As Norman Doidge, M.D., author of The Brain That Changes Itself points out, for 400 years clinicians were taught that the brain was like a machine with parts. "An electronic version of this metaphor is still with us when we think of the brain as a computer and are told it is 'hardwired ', as though its circuits are finalised in childhood."

Over 30 years ago a number of major neuroscience experiments overthrew this view of the unchanging brain. They showed that the brain is neuroplastic-changeable-and that mental experience and mental exercise could alter its very structure.

Our neuroplastic brains all develop differently, based on our genetics and our experience.
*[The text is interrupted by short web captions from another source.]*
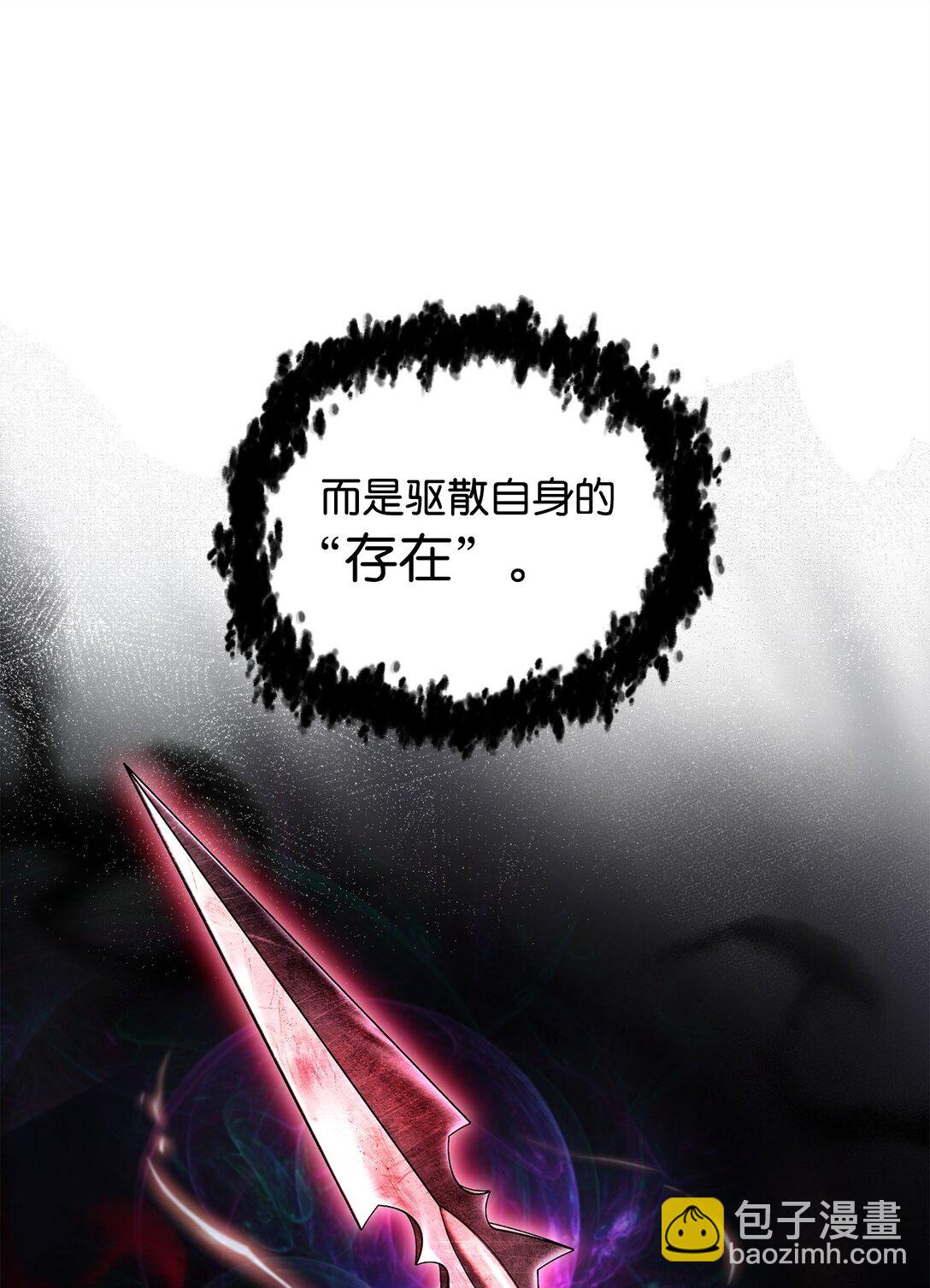 無法升級的玩家 - 157 無聲無息(1/2) - 7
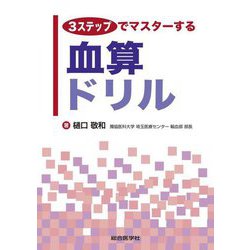 3ステップでマスターする血算ドリル [単行本]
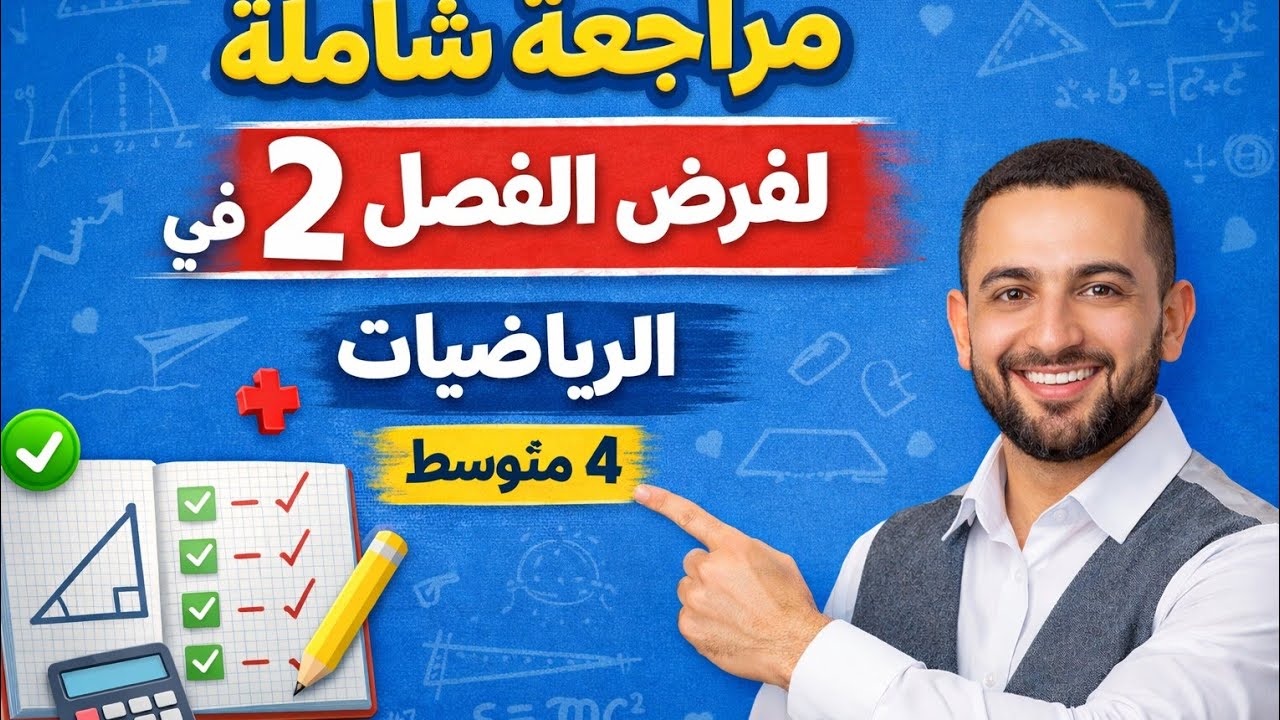 حل فرض الفصل 2 في الرياضيات - 4 متوسط - فرض شامل - كل الأفكار المقترحة - مراجعة شاملة و كاملة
Neuroplasticity has huge implications for education, because some educators appear to be still under the sway of the doctrine of the unchanging brain and much teaching and learning practice doesn't incorporate key findings, despite the abundance of new evidence about learning.

The implications are not just those with learning disabilities. A better understanding by all educators of the general principles and specific practices of brain plasticity will assist all learners strengthen cognitive capacities. 

The DIY pioneer in cognitive development

Barbara Arrowsmith-Young- The woman who changed her brain

About thirty years ago Toronto-based Barbara Arrowsmith-Young, who was born with a number of serious learning disabilities, began applying neuroplastic principles, via mental exercises she developed, first to herself and then to students.

As she outlined in her book The woman who changed her brain these were eventually incorporated, with new developments, into the Arrowsmith Programme, which uses the principles of neuroplasticity to rewire the brain of children and adults with cognitive learning challenges. The brain responds to exercise and specific brain exercises stimulate new cognitive pathways.

The programme has proved effective for many students having difficulty with reading, writing and mathematics, comprehension, logical reasoning, problem solving, visual and auditory memory, non-verbal learning, attention, processing speed and dyslexia.